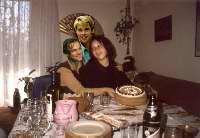 Click to see larger image Leo&Brad&Ivana PhotoWork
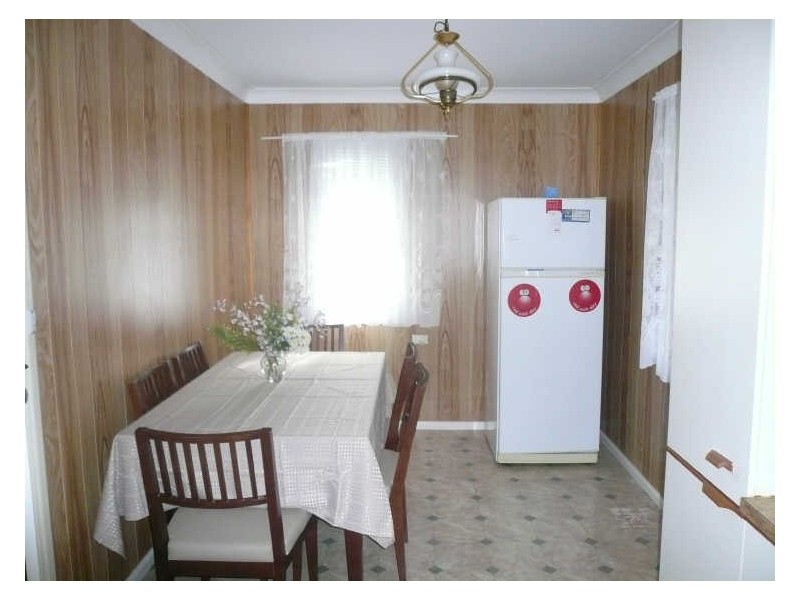 37 Jaeger Ave, Gunnedah NSW 2380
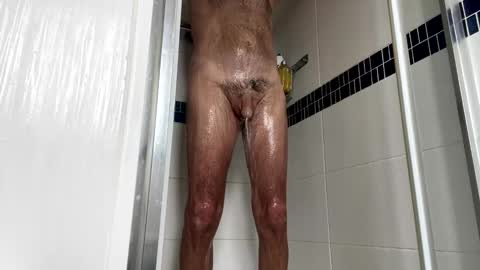 Gary online show from March 2026 08:54:02 AM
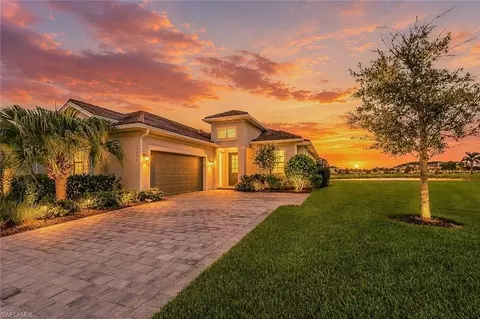 6094 Artisan Ct, Ave Maria, FL 34142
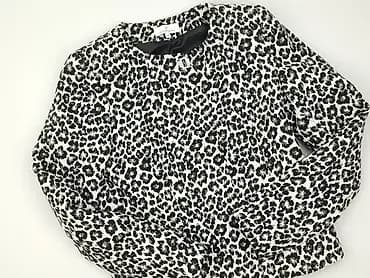 Jacqueline Riu, Marynarka damska, rozmiar M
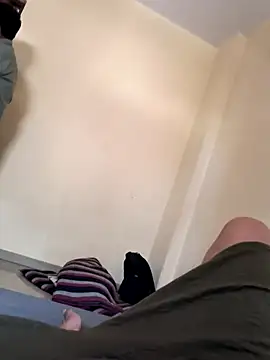 Snapshot of rajstrip12650 chatting on March 27, 2026, 7:58 am rajstrip12650 online show from March 27, 2026, 7:58 am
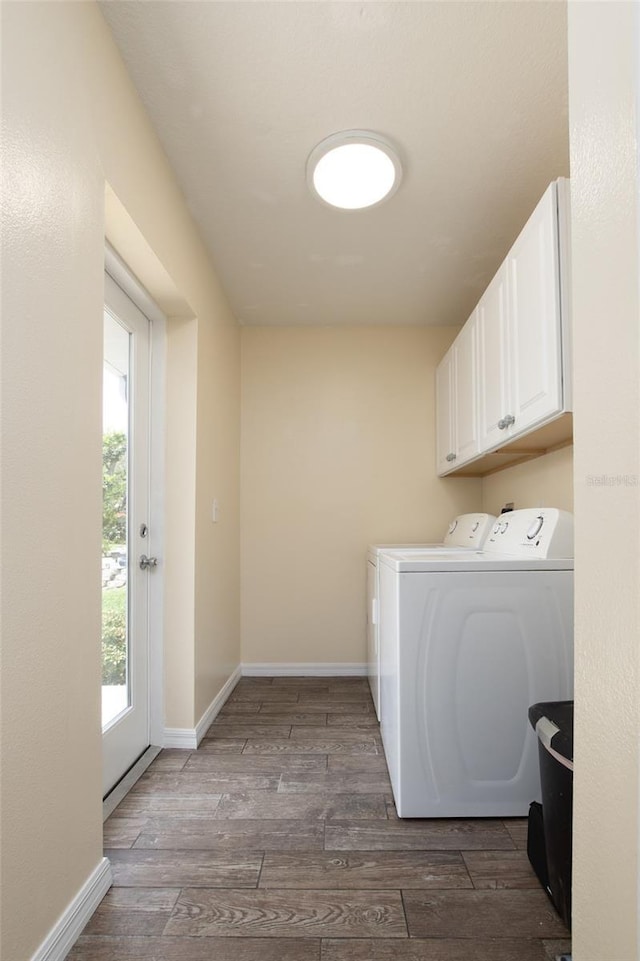 2418 SE 23rd St, Ocala, FL 34471 - photo 23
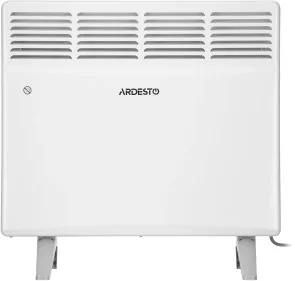 Фото: Конвектор Ardesto CH-1000MOW № 2 | KTC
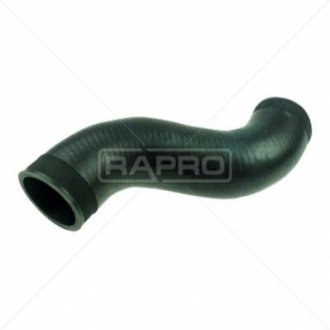 Автозапчасть RAPRO R28193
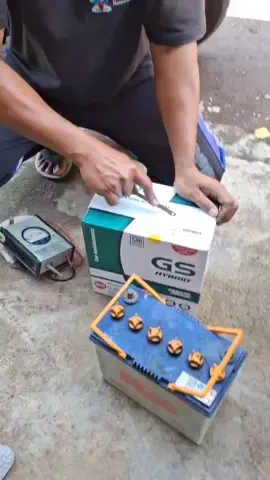 untuk  mobil avanza new#akibergaransi #barangmurahtiktok #fypage #akijoyowangi #rajaakibanyuwangi 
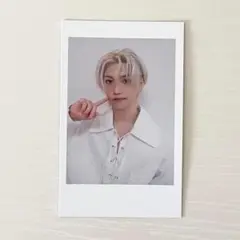 straykids スキズ トレカ フィリックス シーグリ jyp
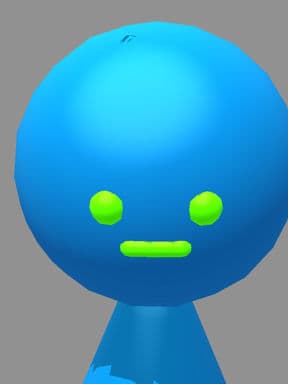 Punchline Meme preview image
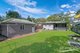 Photo - 68 Bell Street, Clontarf QLD 4019 - Image 13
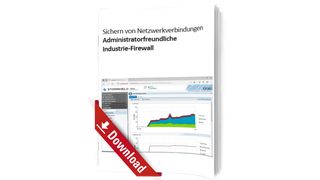 Whitepaper Cover: Vogel IT (Vogel IT)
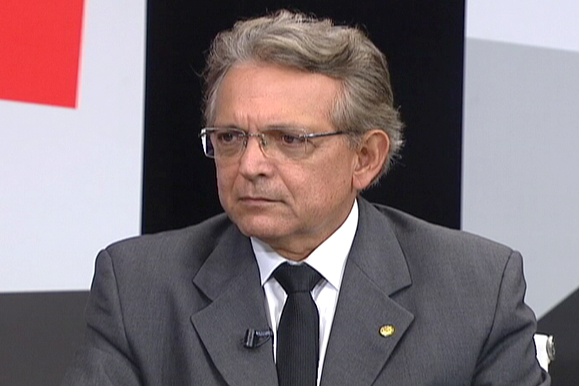 Finanças aprova uso do Fundo Amazônia em projetos ambientais de Tocantins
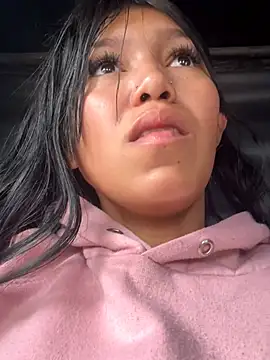 Snapshot of emily_rosse04 chatting on February 16, 2026, 12:15 pm emily rosse04 online show from February 16, 2026, 12:15 pm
***
Work instructions:
Give the listing again in full, exactly as it is, but without its images.

Final answer:
 Click to see larger image Leo&Brad&Ivana PhotoWork
 37 Jaeger Ave, Gunnedah NSW 2380
 Gary online show from March 2026 08:54:02 AM
 6094 Artisan Ct, Ave Maria, FL 34142
 Jacqueline Riu, Marynarka damska, rozmiar M
 Snapshot of rajstrip12650 chatting on March 27, 2026, 7:58 am rajstrip12650 online show from March 27, 2026, 7:58 am
 2418 SE 23rd St, Ocala, FL 34471 - photo 23
 Фото: Конвектор Ardesto CH-1000MOW № 2 | KTC
 Автозапчасть RAPRO R28193
 untuk  mobil avanza new#akibergaransi #barangmurahtiktok #fypage #akijoyowangi #rajaakibanyuwangi 
 straykids スキズ トレカ フィリックス シーグリ jyp
 Punchline Meme preview image
 Photo - 68 Bell Street, Clontarf QLD 4019 - Image 13
 Whitepaper Cover: Vogel IT (Vogel IT)
 Finanças aprova uso do Fundo Amazônia em projetos ambientais de Tocantins
 Snapshot of emily_rosse04 chatting on February 16, 2026, 12:15 pm emily rosse04 online show from February 16, 2026, 12:15 pm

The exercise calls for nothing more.